On Rabu, Maret 20, 2019

MASALEMBO.COM

Penguji kopertais tengah (kiri) bersama ketua STIT Al Chaeriyah Dr.H.Sahabuddin Kasim (kanan) bersama ketua prodi dan dosen tetap.

MAMUJU, MASALEMBO.COM - Sebanyak 86 mahasiswa perguruan tinggi islam STIT Al Chaeriyah Mamuju mengikuti ujian musaqasyah dan yudisium di aula kantor kementerian agama (Kanwil) Provinsi Sulbar.

Ujian tersebut merupakan kali perdana di gelar Sekolah Tinggi Ilmu Tarbiyah (STIT) Al Chaeriyah sejak berdiri 2014 silam.Dengan menghadirkan langsung penguji dari kopertais wilayah VIII Dr.H.Muhammad Harjun, M.Ag.

Ketua STIT Al Chaeriyah Mamuju Dr.H.Sahabuddin Kasim pada kesempatan tersebut mengatakan bahwa ujian munaqasyah yang dilaksanakan pada tanggal 18 hingga 20 Maret,menentukan lulus tidaknya seorang mahasiswa disuatu diperguruan tinggi.



Namun Sahabuddin juga mengaku bangga kepada mahasiswa yang  begitu antusias hadir mengikuti ujian,dikatakan Sahabuddin  walau ada mahasiswa dalam kondisi sakit,namun menyurutkan niatnya hadir untuk mengikuti ujian munaqasyah.

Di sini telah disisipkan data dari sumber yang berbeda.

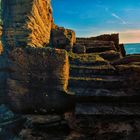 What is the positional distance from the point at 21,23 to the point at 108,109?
576 centimetres

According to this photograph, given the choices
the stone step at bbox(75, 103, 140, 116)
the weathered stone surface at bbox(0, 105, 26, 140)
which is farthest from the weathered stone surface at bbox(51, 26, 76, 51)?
the weathered stone surface at bbox(0, 105, 26, 140)

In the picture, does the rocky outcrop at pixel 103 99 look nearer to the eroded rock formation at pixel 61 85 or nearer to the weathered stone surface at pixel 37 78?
the eroded rock formation at pixel 61 85

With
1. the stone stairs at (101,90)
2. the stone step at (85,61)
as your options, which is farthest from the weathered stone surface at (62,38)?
the stone stairs at (101,90)

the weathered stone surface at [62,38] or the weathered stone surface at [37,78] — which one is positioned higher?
the weathered stone surface at [62,38]

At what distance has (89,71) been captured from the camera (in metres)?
12.8

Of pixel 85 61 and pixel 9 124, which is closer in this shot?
pixel 9 124

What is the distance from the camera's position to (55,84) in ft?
38.7

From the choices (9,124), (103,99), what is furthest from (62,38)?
(9,124)

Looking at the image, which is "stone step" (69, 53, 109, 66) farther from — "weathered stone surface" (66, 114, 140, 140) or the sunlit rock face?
"weathered stone surface" (66, 114, 140, 140)

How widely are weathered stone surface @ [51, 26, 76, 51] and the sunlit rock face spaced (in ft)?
6.41

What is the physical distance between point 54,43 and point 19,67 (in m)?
4.67

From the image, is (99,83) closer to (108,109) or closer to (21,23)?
(108,109)

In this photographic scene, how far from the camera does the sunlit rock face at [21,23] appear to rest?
12.8 metres

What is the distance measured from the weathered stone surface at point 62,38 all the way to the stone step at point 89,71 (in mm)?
2916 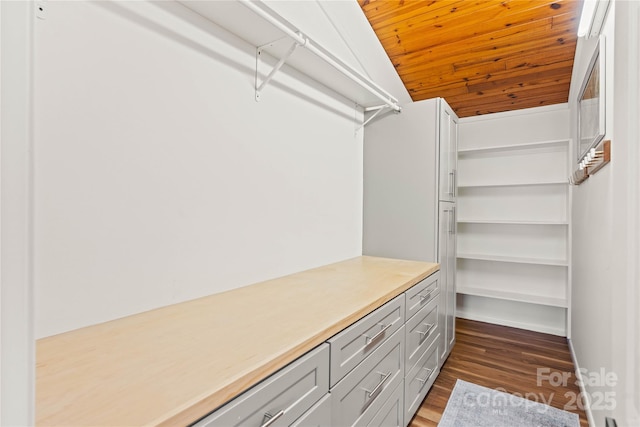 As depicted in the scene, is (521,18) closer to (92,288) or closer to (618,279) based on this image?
(618,279)

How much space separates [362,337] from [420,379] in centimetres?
94

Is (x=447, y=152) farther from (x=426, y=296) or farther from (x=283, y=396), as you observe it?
(x=283, y=396)

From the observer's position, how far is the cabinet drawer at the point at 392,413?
54.7 inches

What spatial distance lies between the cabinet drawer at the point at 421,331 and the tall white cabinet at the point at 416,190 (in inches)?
6.4

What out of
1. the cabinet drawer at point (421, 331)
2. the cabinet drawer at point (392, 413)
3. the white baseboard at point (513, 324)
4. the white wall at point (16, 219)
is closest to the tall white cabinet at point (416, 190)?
the cabinet drawer at point (421, 331)

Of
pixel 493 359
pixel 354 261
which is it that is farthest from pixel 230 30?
pixel 493 359

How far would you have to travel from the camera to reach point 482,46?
7.69 feet

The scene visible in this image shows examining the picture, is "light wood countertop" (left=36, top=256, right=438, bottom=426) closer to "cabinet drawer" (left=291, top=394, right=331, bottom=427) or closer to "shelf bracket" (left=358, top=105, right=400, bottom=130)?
"cabinet drawer" (left=291, top=394, right=331, bottom=427)

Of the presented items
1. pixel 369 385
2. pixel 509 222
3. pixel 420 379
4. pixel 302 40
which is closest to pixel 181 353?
pixel 369 385

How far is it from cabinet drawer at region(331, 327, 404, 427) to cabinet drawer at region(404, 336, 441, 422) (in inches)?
7.2

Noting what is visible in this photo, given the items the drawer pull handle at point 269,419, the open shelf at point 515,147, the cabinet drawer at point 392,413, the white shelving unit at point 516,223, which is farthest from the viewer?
the white shelving unit at point 516,223

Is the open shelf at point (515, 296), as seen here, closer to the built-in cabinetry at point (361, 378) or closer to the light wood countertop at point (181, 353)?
the built-in cabinetry at point (361, 378)

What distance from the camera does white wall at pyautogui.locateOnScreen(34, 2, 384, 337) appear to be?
954 millimetres

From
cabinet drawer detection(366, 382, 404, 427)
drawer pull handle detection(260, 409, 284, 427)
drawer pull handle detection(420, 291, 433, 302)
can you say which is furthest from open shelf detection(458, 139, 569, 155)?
drawer pull handle detection(260, 409, 284, 427)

"Ada tiga orang sakit, ada yang baru sehari keluar dari rumah sakit,ada juga baru sehari melahirkan tetapi tetap mengikuti proses ujian,"kata Sahabuddin yang juga mantan kepala Kanwil Sulbar.Rabu (20/3/2019).

Dijelaskan pula bahwa proses ujian ini merupakan puncak dari perjalanan kurang lebih 4 tahun mengikuti proses perkuliahan.

Maka itu ia berpesan agar menjaga nama baik kampus,ilmu yang didapatkan selama proses perkuliahan digunakan dan diamalkan di masyarakat untuk kepentingan dan kemajuan bangsa Indonesia.

"Ilmu yang kalian peroleh agar bisa memberikan kontribusi yang besar di masyarakat khususnya di bidang mental dan rohani sesuai dengan bekron kita pendidikan Islam,"harapnya

Senada penguji dari kopertais wilayah VIII Makassar,Dr.Muhammad Harjun.M.Ag mengatakan bahwa sebanyak 86 mahasiswa yang mengikuti ujian munaqasyah selama dua hari kesemuanya lulus dan menyandang gelar serjana S.Pd.

"Maka itu saya berharap kesemuanya mahasiswa yang lulus wajib mengikuti wisuda yang telah dijadwalkan sesudah lebaran idul fitri,"ujarnya disambut tepuk tangan semua mahasiswa.

Senada pula perwakilan mahasiswa yang lulus mengikuti ujian munaqasyah,Nurdin yang didaulat membacakan doa sebelum acara selesai.

Pada kesempatan tersebut dirinya mewakili rekan-rekanya meminta maaf ketika jika selama proses perkuliahan di kampus dan ujian munaqasyah berlangsung. ada kata-kata dan perbuatan yang kiranya dapat menyinggung perasaan tim penguji maupun dari pihak kampus dan dosen pembimbing kiranya dimaafkan.

"Pada kesempatan saya mewakili  teman-teman kami meminta maaf atas kesalahan dan kehilapan yang kami lakukan,"katanya.

Selain itu hadir pula ketua prodi STIT Al Chaeriyah Baharuddin dan dosen tetap STIT Al Chaeriyah Herman. (awl).